Terrestres et musicales

Duos

Dédoublements - Carthage

Des dessins d'éléphants au fusain sur papier Ingres sont découpés en bandes verticales de 1 cm de largeur. Celles-ci sont numérotées. Pour chaque dessin, toutes les bandes paires sont prélevées et collées sur un autre support de même dimensions en respectant les intervalles initiaux. L’œil comble les vides et reconnait la forme dans chaque "moitié" de dessin. Chaque dessin se trouve alors dédoublé.

Réserves

   Le support est posé à l'horizontale. Des bouts de pastels et de fusains à moitié broyés sont pressés sous la paume de la main et malmenés sur le support. Traces de doigts et de pastels se mêlent, souillant la totalité de la surface. Une couche de fixatif en aérosol est passée uniformément sur le dessin. Une fois sec, une partie du dessin est préservée, l'autre partie subit un gommage systématique qui récupère tout ce que le fixatif n'a pas réussi à fixer.


Entrevision comme dédoublement multiple et silencieux

Hayet Tlili

universitaire

  

  Il y a un risque à vouloir refaire l'itinéraire de la forme, celui d'une perte de certains lieux, rendus autrefois habitables. La trouvaille du désir comme celle de dessiner un énoncé, de configurer des généalogies ou de trouver des signes pour une sensation de pensée, c'est cette trouvaille qui inaugure le chantier de l'inhabituel.

Il n'est pas aisé aujourd'hui d'inventer de nouvelles figures pour de nouveaux "plateaux", car alors, à chaque nouveau paysage, on peut se trouver confronté(s) à l'absence de toute marque de l'itérable.
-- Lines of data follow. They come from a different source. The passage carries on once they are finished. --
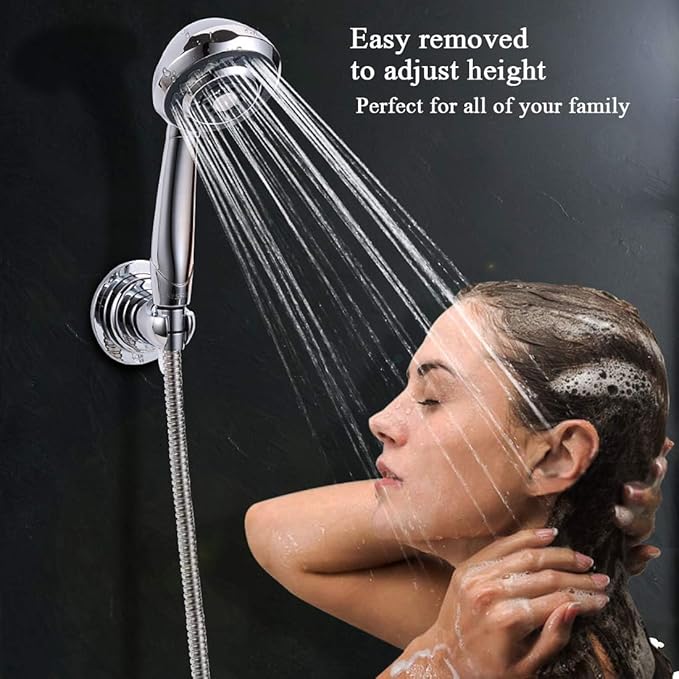 [2 Pack] Suction Cup Shower Head Holder for Elderly, Removeable Showerhead Holder for Minors, Adjustable Hand held Shower Head Holder, No Drilling Bathroom & Bathtub Wall Mount Shower Hanger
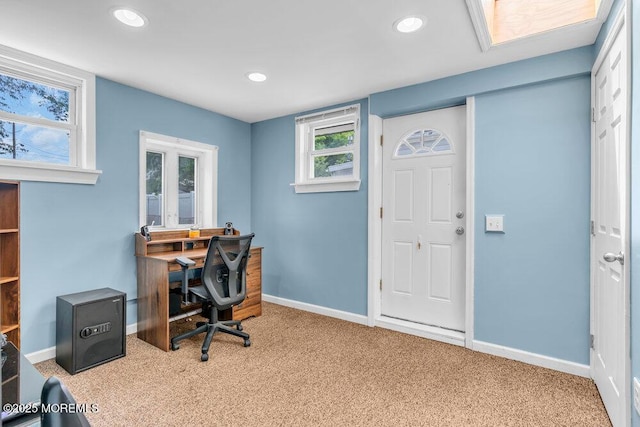 22 Franklin Ave, Hazlet, NJ 07734 - office area with carpet flooring, baseboards, and recessed lighting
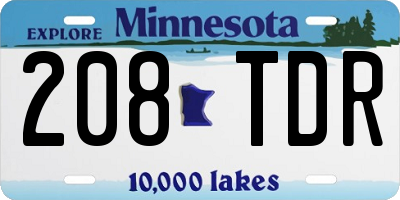 MN license plate 208TDR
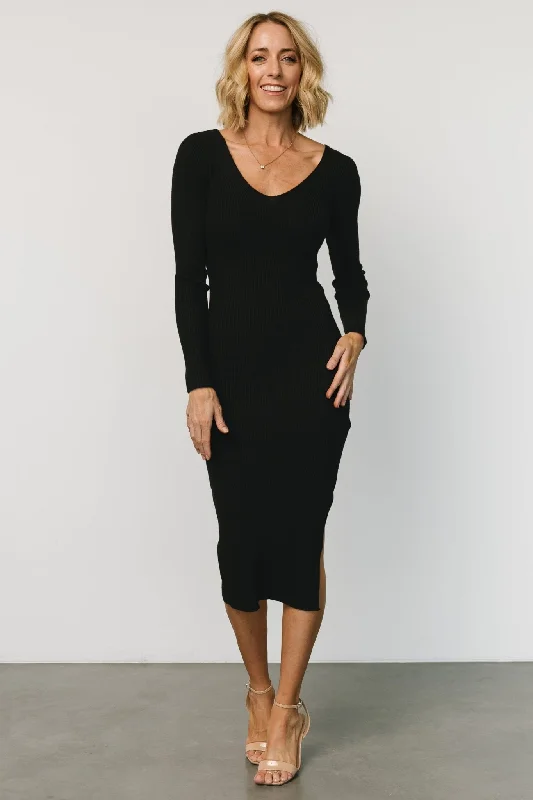 Tacey Midi Dress | Black Trendy Flared Sleeve Midi Dress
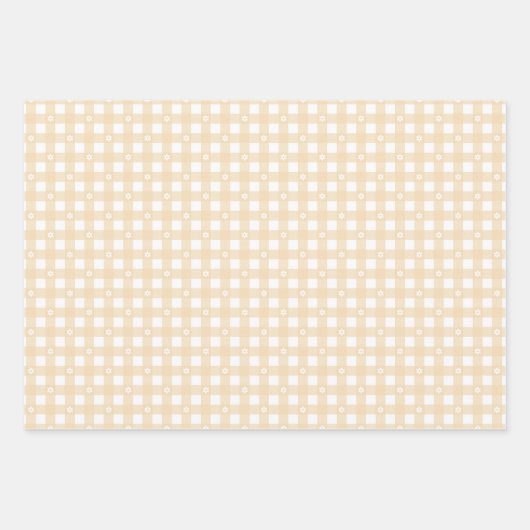 Hellgelbes Federmuster und festes Wrapping Paper Geschenkpapier Set (Vorderseite)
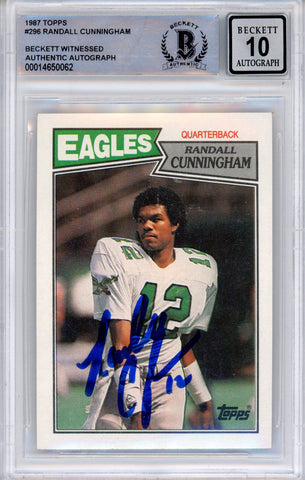 Randall Cunningham Signed 1987 Topps #296 Trading Card Beckett Slab 39207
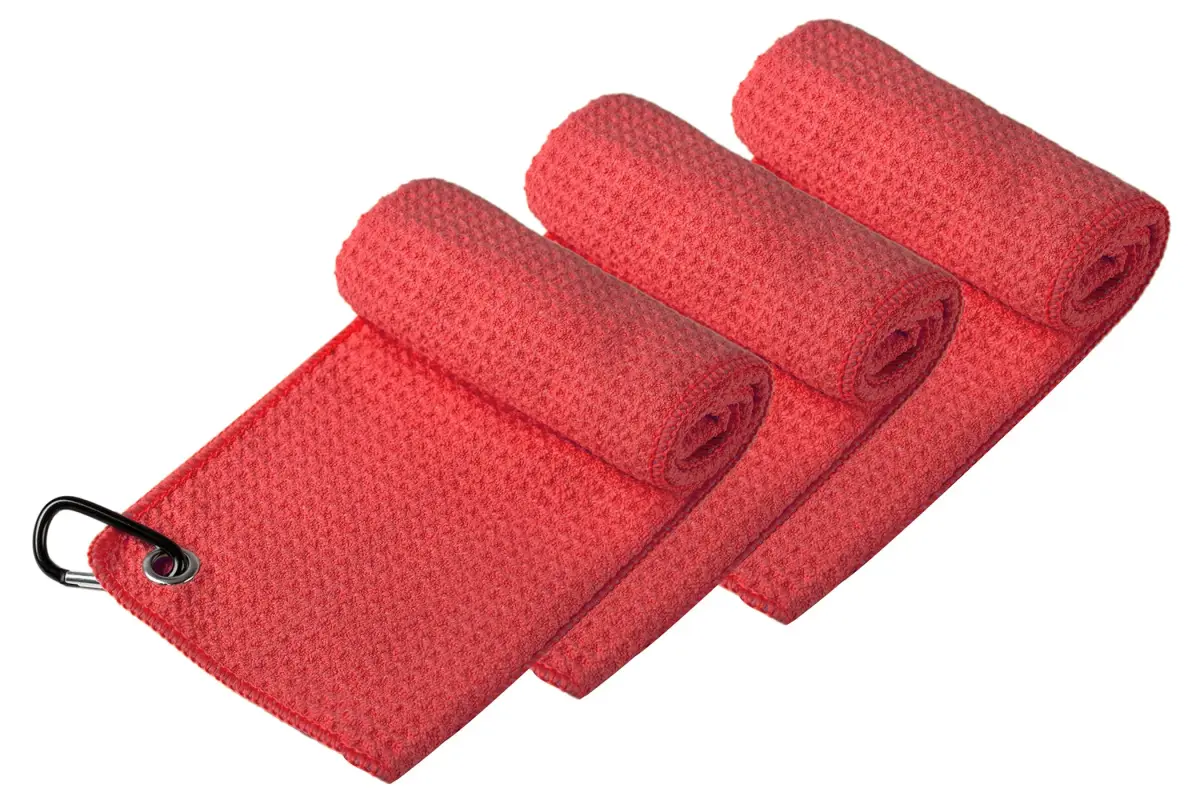 Handy Picks Microfiber Golf Towel 40cm x 40cm (16" x 16") | Pack of 3 Red Waffle Pattern with Carabiner Clip - view 2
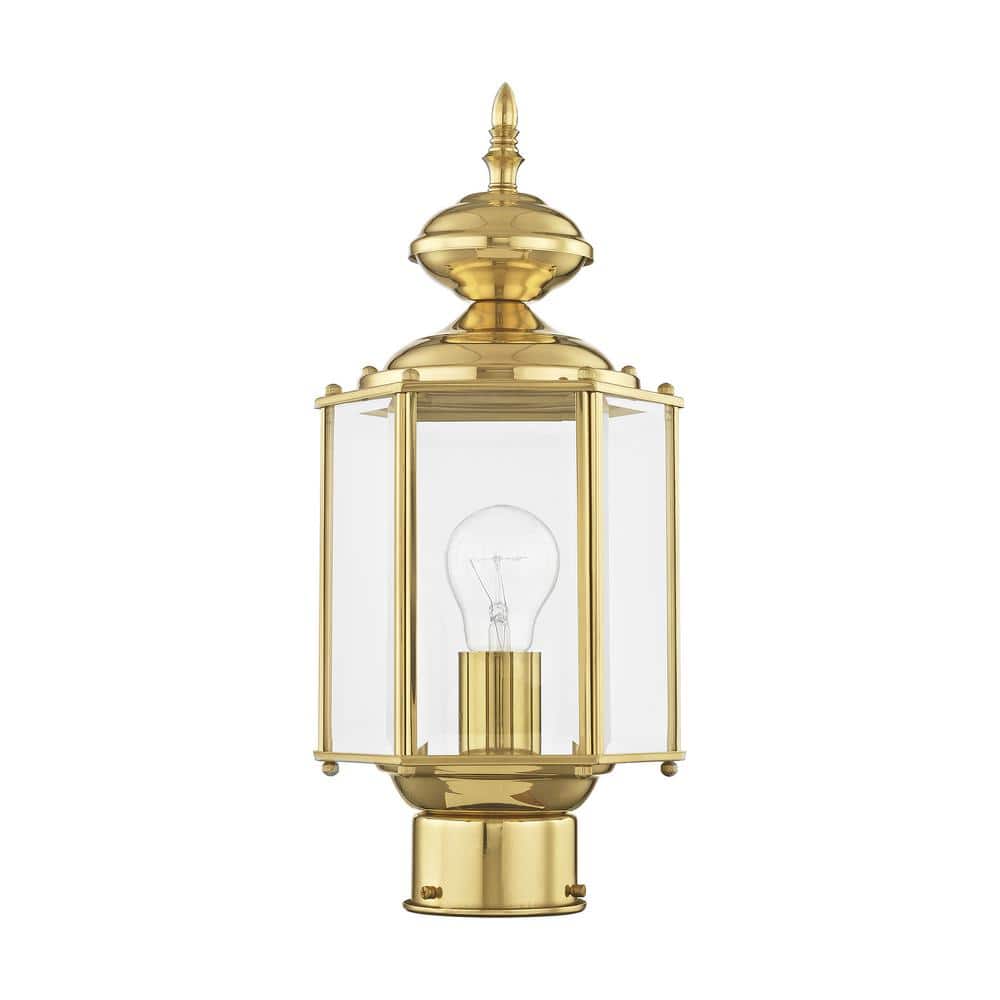 Polished Brass Outdoor Post Lantern with Clear Beveled Glass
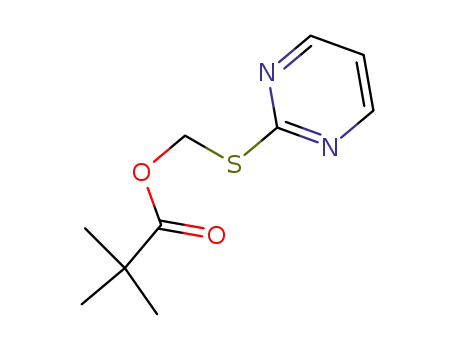 Molecular Structure of 80693-26-1 (Propanoic acid, 2,2-dimethyl-, (2-pyrimidinylthio)methyl ester)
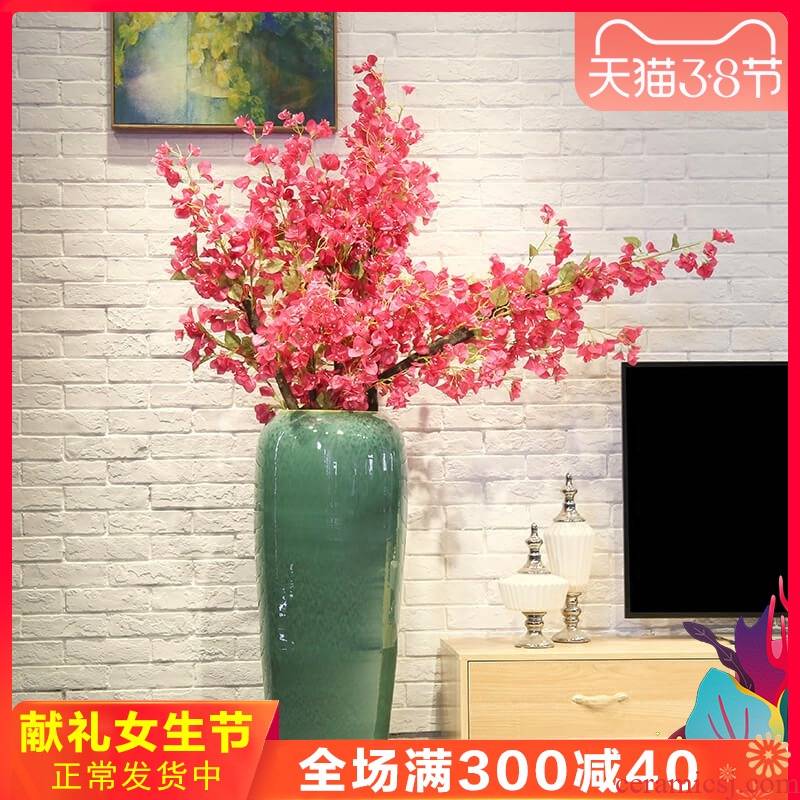 Jingdezhen ceramic landing big vases, new Chinese style hotel, villa decoration furnishing articles between example flower decoration in the sitting room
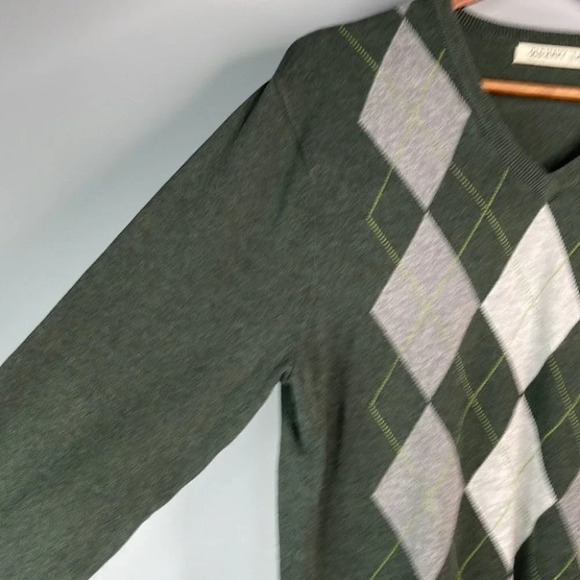 OLD NAVY Mens Argyle Pattern V-Neck Sweater Academia Prep Green Knit Cotton L - Picture 5 of 11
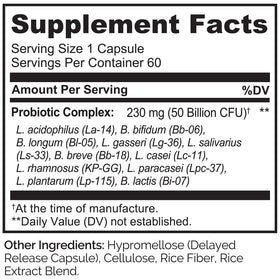 NATURELO Probiotiques 60 Capsules ouvertes montrant les capsules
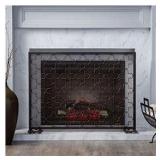 Metal Fire Screen, Clover Design, 40.75x29.5 Inches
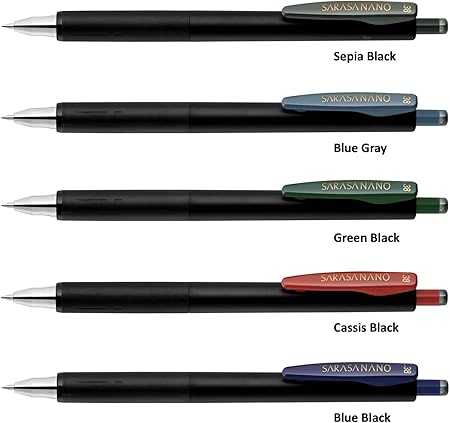 Set de lapiceros Sarasa Nano Oscuros 0.38 mm-5 pzas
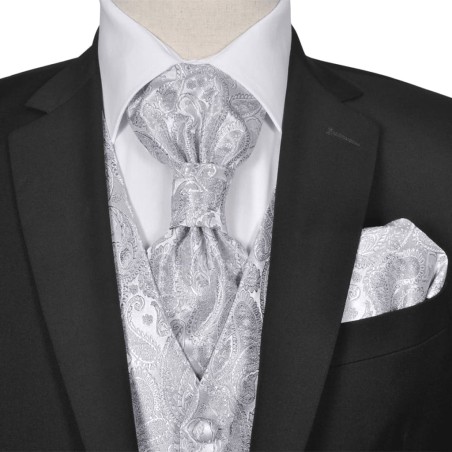 Hochzeitswesten-Set Herren Paisley Größe 52 Silbern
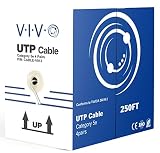 New 250 ft Bulk Cat5e LAN Ethernet Cable/Wire UTP Pull Box 250ft Cat-5e Grey ~ VIVO (CABLE-V013)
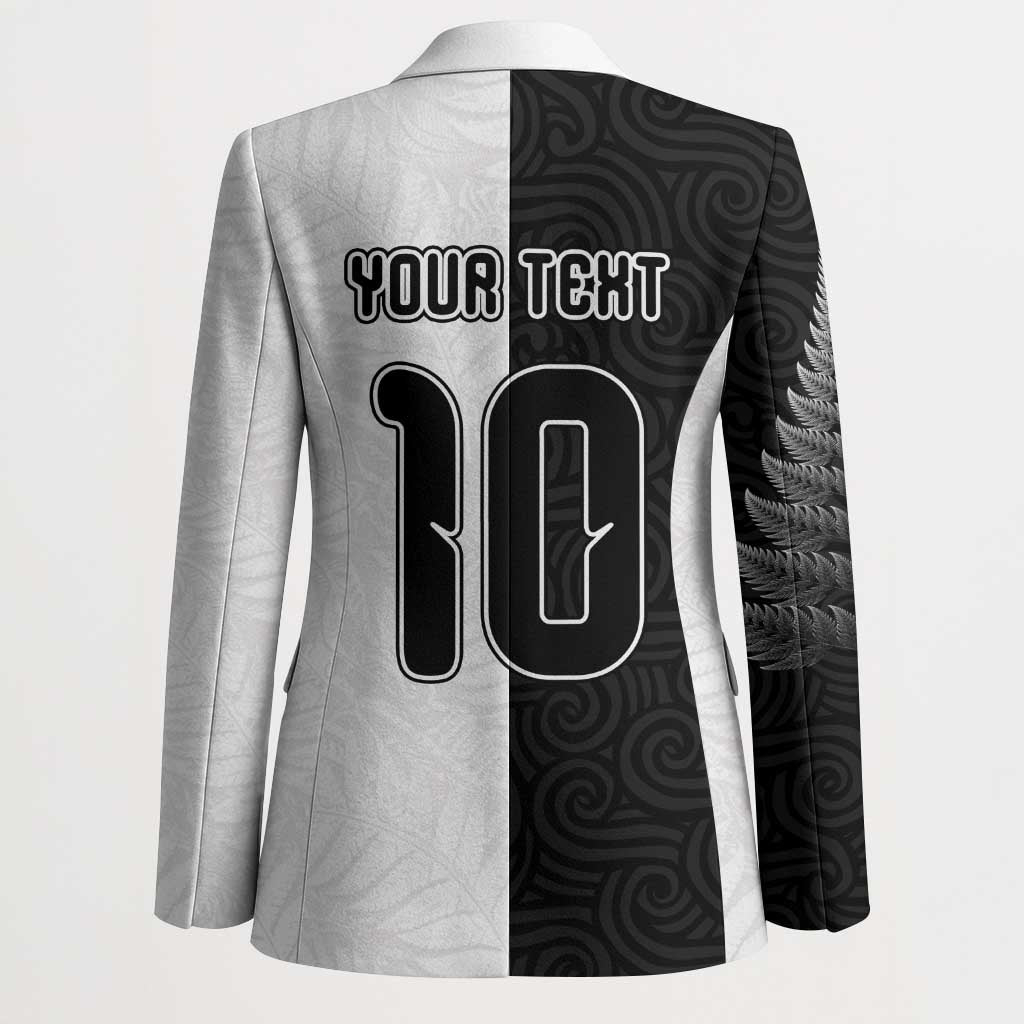 Custom New Zealand Football Blazer Silver Fern and Maori Tribal Black White Half Sporty Style LT03 - Polynesian Pride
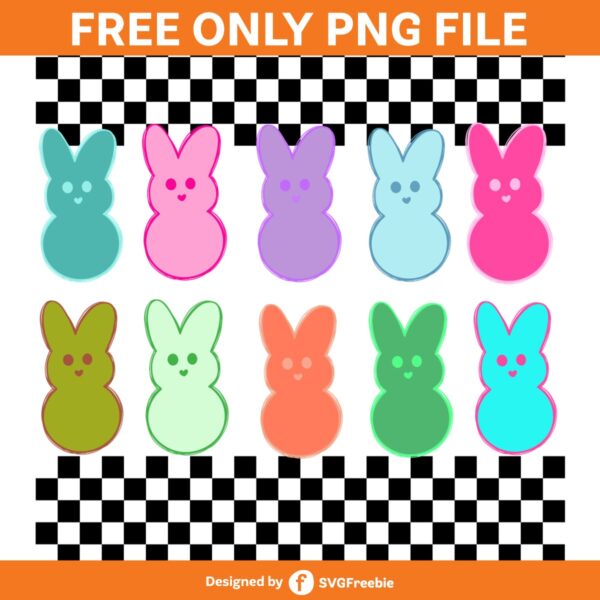 Colorful Easter Bunny Checkered PNG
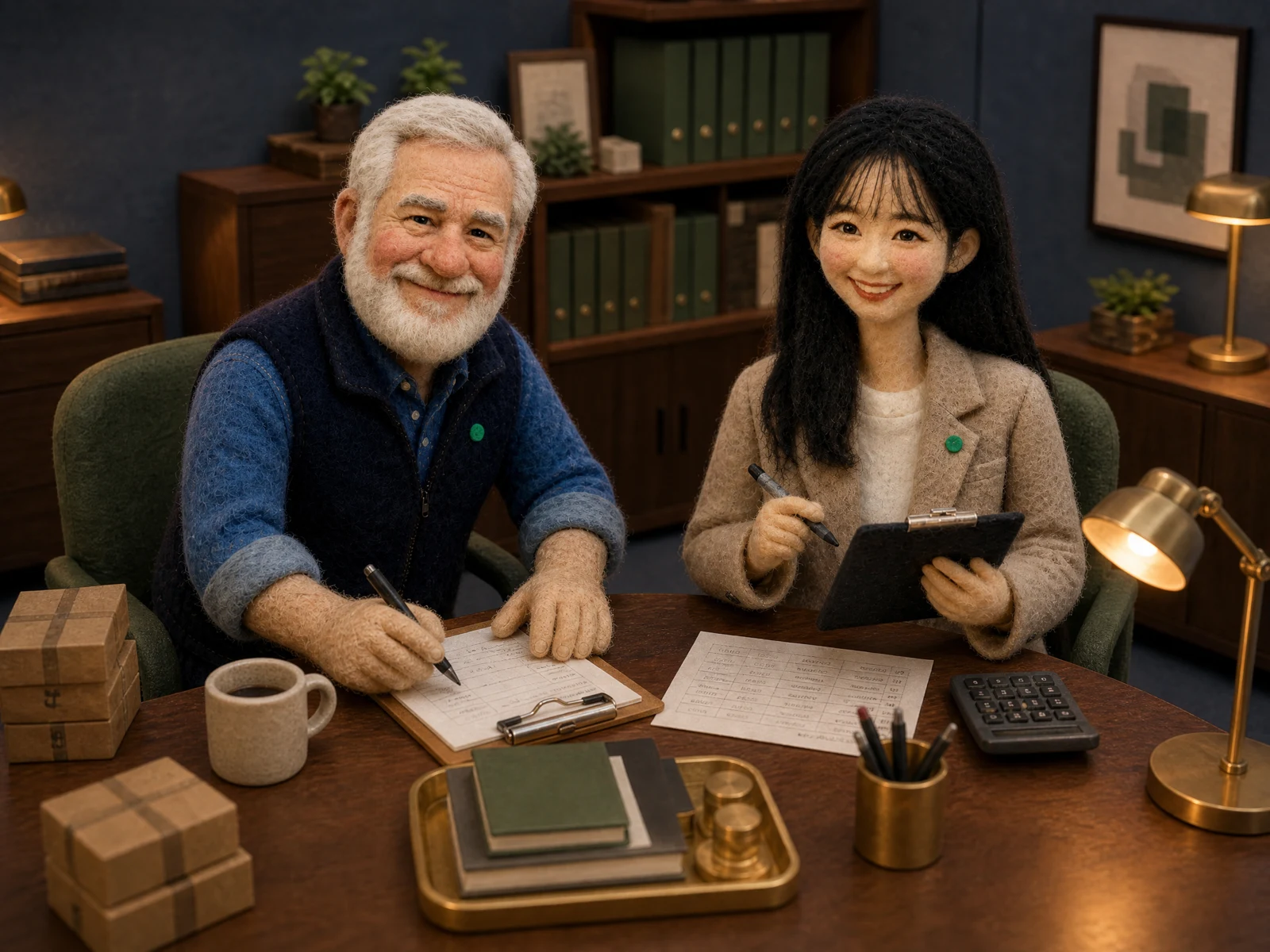 Bjorn, Anika working in the Orders office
Mais voilà que ces dessins ont su aller vers la découverte de nouveaux "plateaux" et mettre en place des marques datives de la mesure qui se veut et s'invente arithmétique et grammaticale. Dessiner n'est pas tant être dessinateur, c'est devenir, par le dessin, dessinateur.  Devenir dessinateur c'est, peut-être, conduire lentement une itération amoureuse, jusqu'à ouvrir une béance visuelle à l'intérieur du cadre, pour qu'une nouvelle parole soit donnée à ce qui n'a pas droit à la littérature  : les dessins de Oussema Troudi.

 

   Dessiner un éléphant jusqu'à le devenir.  Ainsi la musique de Mozart, elle n'illustre pas un paysage traversé par le chant des oiseaux, c'est la musique qui devient chant d'oiseaux. Démultiplier l'entité première, démultiplier le portrait de l'éléphant, donner à la présence-graphique-animale une multiplicité non minoritaire et non fragmentaire, travailler la métamorphose jusqu'à l'heccéité, c'est un peu, faire de l'espace investi un herbier. Par des colonnes arithmétiques, par un dispositif géométrique, le dédoublement crée une genèse étonnante qui ouvre et cadre des terres inconnues, innomées et sans doute innommables,  des terres qui se présentent en termes cryptiques.

 

   Les dessins et les dessins-peintures de Oussema soumettent le regard à une forme du voir qui tente de se reconnaître et de se poser dans une esthétique, et le regard s'insinue entre apercevoir et voir, il vibre dans une nouvelle nécessité : se trouver dans l'expérience d'une manière de reconnaître l'entrevision.  L'implication du topoï d'un double désir et d'un double geste termino-graphique.  Le gros plan comme limite du dévoilement, le découpage-reconfiguration comme conjugaison du continu-discontinu affirment l'ancrage de l'ensemble de l'exposition dans le désir d'amener vers la littérature ce qui en était dialectiquement écarté.

 

   Les dessins re-disposent des hétérogénéités dans un ordre de montage qui fait suite à une suite de cadrages et nous remet dans la nostalgie des correspondances selon Baudelaire, des affinités selon Gœthe, des pointes ontologiques selon Batailles, et peut-être de certaines poésie comme lieux de contiguïtés catastrophiques.  Le cadrage fait que les formes prennent figure, certaines affrontent le regard, d'autres composent de multiples chorégraphies des conflits.

 

Racine de U, la provenance met à distance mais enregistre la généalogie moléculaire d'une pensée du visuel

 


Un monde en différé

Saloua Mestiri

 

Je ne sais pas si ce que je m’apprête à mettre en mots fait encore partie des dessins/peintures de l’exposition de Oussema Troudi ou si, ayant emprunté la voie qu’il a tracée, je n’ai pas bifurqué en tissant un monde en différé que les traces colorés de ses gestes ont pourtant engagé.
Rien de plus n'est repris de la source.